Assigned task - Copy verbatim the span of lines beginning at the line that contains "Nos 1953 Lincoln" and ending with the final line of the data. Exclude pictures from the copy.

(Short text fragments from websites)

☆ ☆ ☆ ☆ ☆

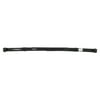 Belltech 5950 Leaf Spring, Performance, Rear, Driver or Passenger Side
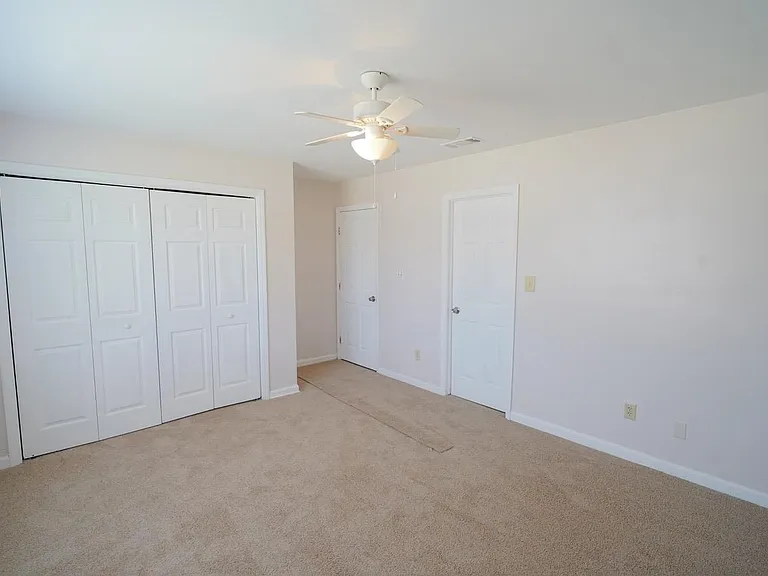 3178 N Ridge Rd #1 — Photo 21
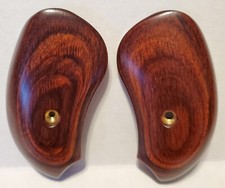 Oversized bond arms for sale  Whitewood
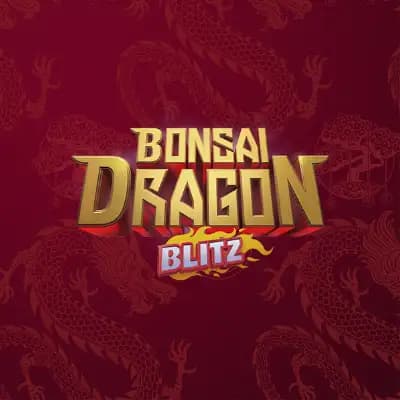 Bonsai Dragon Blitz
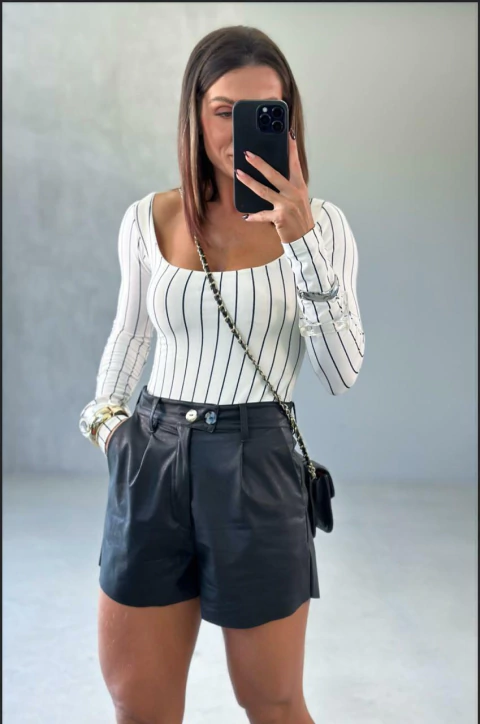 Body Pandora - comprar online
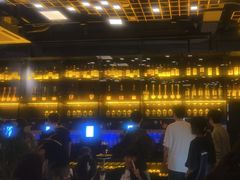 -ibarrel爱杯·bistro&brunch(江宁路店)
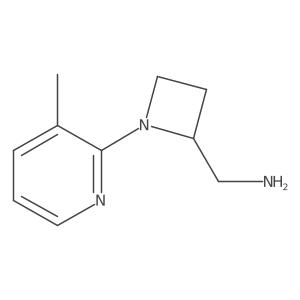 2172267-49-9 structure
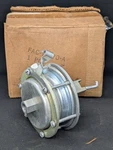 Nos 1953 Lincoln Premiere Capri 8 Cyl 2 Port Distributor Vacuum Advance. Fixed Price $56.99.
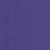 Purple Rush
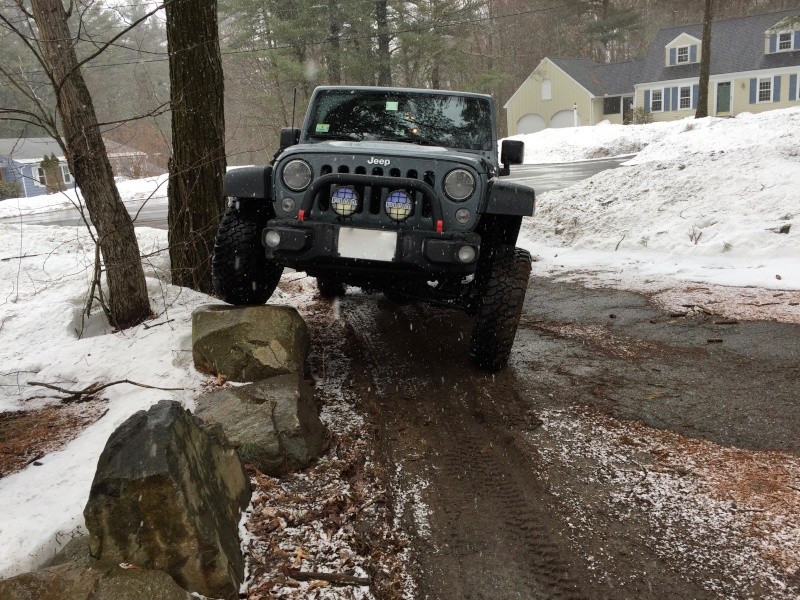 RubiconBobs JK Unlimited Build Pic4a11
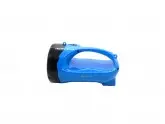 LANTERNA DP-TORCH - RECARREGAVEL - 701- 19 LEDS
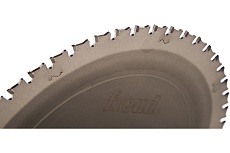Диск пильный по стали LU6A (250х2.6х30 мм; 48Z) Freud LU6A 0800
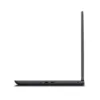 Portátil Lenovo P16v 16" Intel Ultra 7 155H 16GB 1TB SSD 4G Win11 Pro 1Y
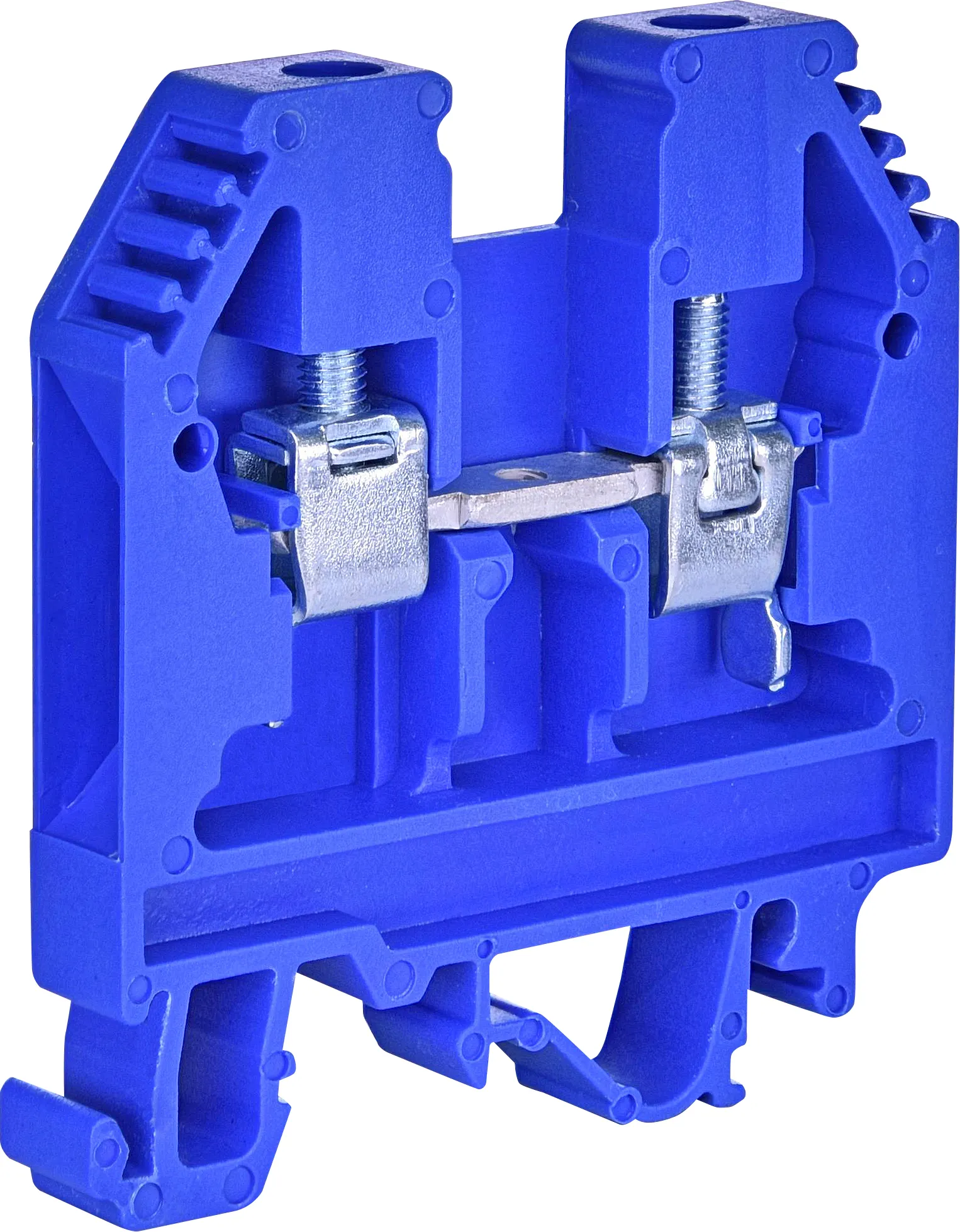Line-up terminal VS 6 PAN 003901069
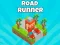 Xogo Road Runner en liña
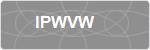 IPWVW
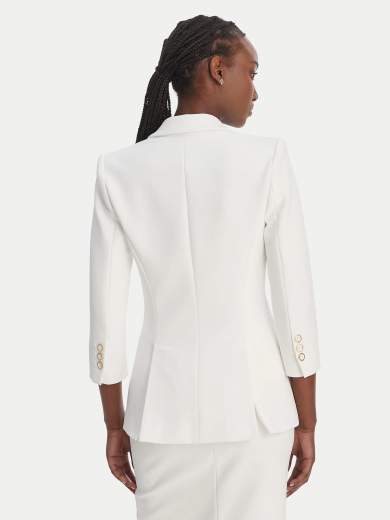 ELISABETTA FRANCHI GIACCA - DONNA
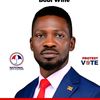 protestvote87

☆ ☆ ☆ ☆ ☆

Your response -
 Nos 1953 Lincoln Premiere Capri 8 Cyl 2 Port Distributor Vacuum Advance. Fixed Price $56.99.
 Purple Rush
 RubiconBobs JK Unlimited Build Pic4a11
 LANTERNA DP-TORCH - RECARREGAVEL - 701- 19 LEDS
Диск пильный по стали LU6A (250х2.6х30 мм; 48Z) Freud LU6A 0800
 Portátil Lenovo P16v 16" Intel Ultra 7 155H 16GB 1TB SSD 4G Win11 Pro 1Y
Line-up terminal VS 6 PAN 003901069
 Xogo Road Runner en liña
 IPWVW
 ELISABETTA FRANCHI GIACCA - DONNA
 protestvote87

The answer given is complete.